- Location of Parsian County in Hormozgan province (left, yellow)
- Location of Hormozgan province in Iran
- Coordinates: 27°03′N 53°17′E﻿ / ﻿27.050°N 53.283°E
- Country: Iran
- Province: Hormozgan
- Capital: Parsian
- Districts: Central, Kushk-e Nar

Area
- • Total: 1,637 km^{2} (632 sq mi)

Population (2016)
- • Total: 50,596
- • Density: 30.91/km^{2} (80.05/sq mi)
- Time zone: UTC+3:30 (IRST)

= Parsian County =

County in Hormozgan province, Iran

Parsian County (شهرستان پارسیان) (Note: Formerly Gavbandi County (شهرستان گاوبندئ)) is in Hormozgan province, Iran. Its capital is the city of Parsian. (Note: Formerly Gavbandi (گاوبندئ))

==History==
After the 2006 National Census, the village of Kushk-e Nar was elevated to the status of a city. After the 2011 census, the village of Dashti rose to city status as well.

==Demographics==
===Population===
At the time of the 2006 National Census, the county's population was 37,369 in 7,972 households. The following census in 2011 counted 42,843 people in 10,331 households. The 2016 census measured the population of the county as 50,596 in 13,816 households.

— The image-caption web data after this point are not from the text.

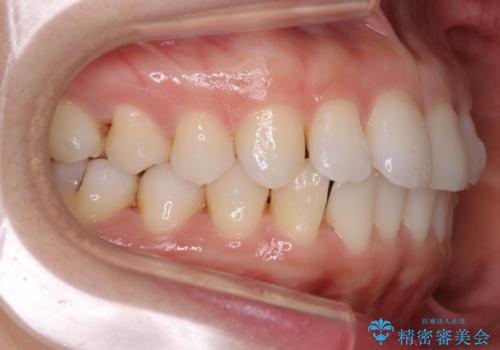 【部分矯正】必要最低限の移動でガタつきを改善するの治療中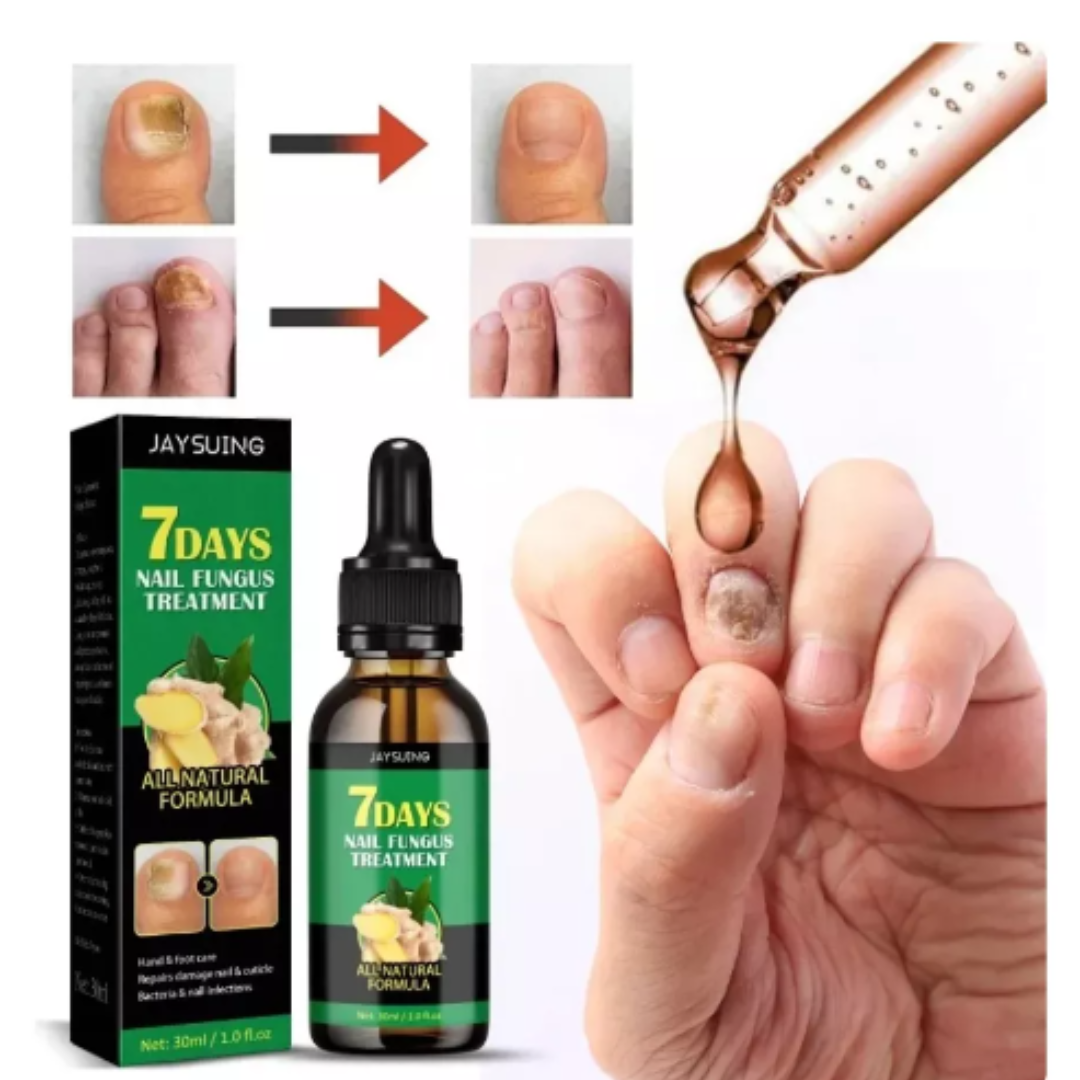 🧴 Aceite Antihongos 7DAYS™ | ¡Oferta 2x1 Disponible!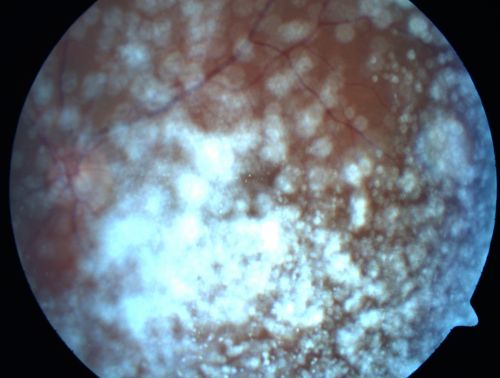 Asteroid Hyalosis - Benign Calcified Deposits in the Vitreous
75 year old woman with 20/30 vision and dense asteroid haylosis
Keywords: vitreous; asteroid hyalosis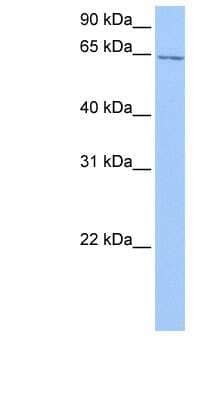 Western Blot: C2orf42 Antibody [NBP1-70467]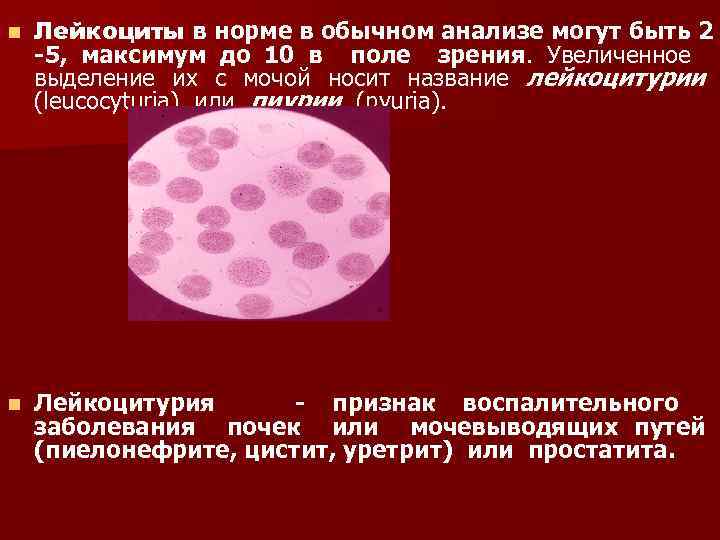 Лейкоциты в моче лейкоцитурия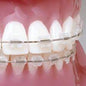 Ortho Arch – UR/LL Conlin Light Wire Composite Brackets Central Lateral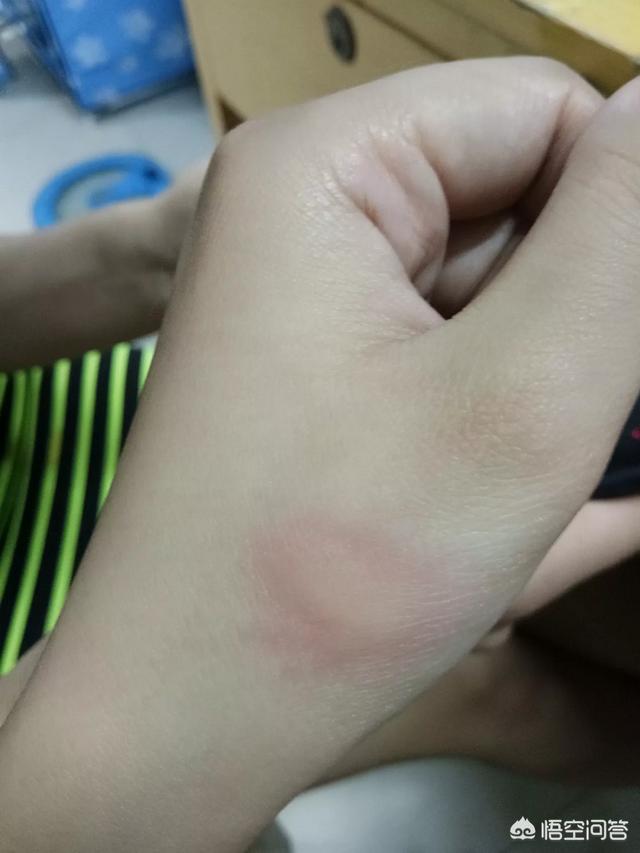 头条问答 - 为什么被蚊子叮咬后起个小包,人们喜欢用指甲打个十字呢?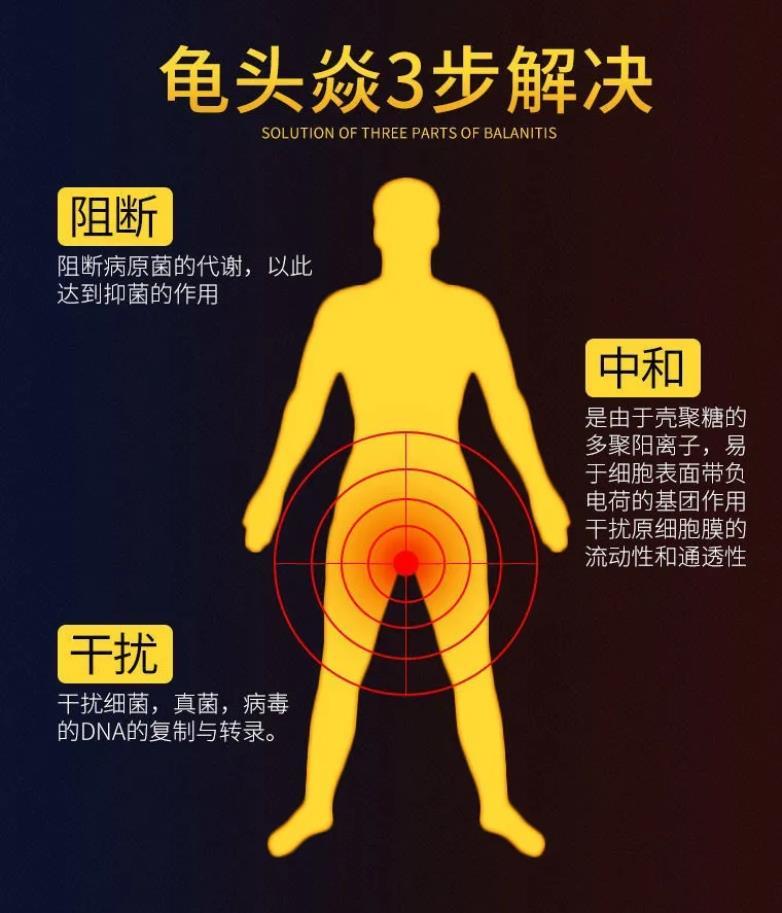 男士银滴虫霉菌性念珠菌洗护液私密处男性清洗液护理液康净宝瘙痒红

===Administrative divisions===

Parsian County's population history and administrative structure over three consecutive censuses are shown in the following table.

Parsian County Population
| Administrative Divisions | 2006 | 2011 | 2016 |
| Central District | 18,041 | 31,228 | 38,030 |
| Buchir RD | 4,401 | 5,353 | 5,582 |
| Mehregan RD | 3,091 | 13,331 | 9,708 |
| Dashti (city) |  |  | 4,695 |
| Parsian (city) | 10,549 | 12,544 | 18,045 |
| Kushk-e Nar District | 19,328 | 11,615 | 12,566 |
| Behdasht RD | 11,557 | 4,231 | 4,465 |
| Kushk-e Nar RD | 7,771 | 4,482 | 4,841 |
| Kushk-e Nar (city) |  | 2,902 | 3,260 |
| Total | 37,369 | 42,843 | 50,596 |
RD = Rural District

==Geographic changes==
Iranian Parliament has enacted a new law to separate Parsian County from Hormozgan province and add to Fars province. Joining the province will bring prosperity to this region. Recently, there have been some protests against this new law in Hormozgan province, since it cut the direct access of Hormozgan to gas-rich fields and industrial regions in nearby Bushehr province.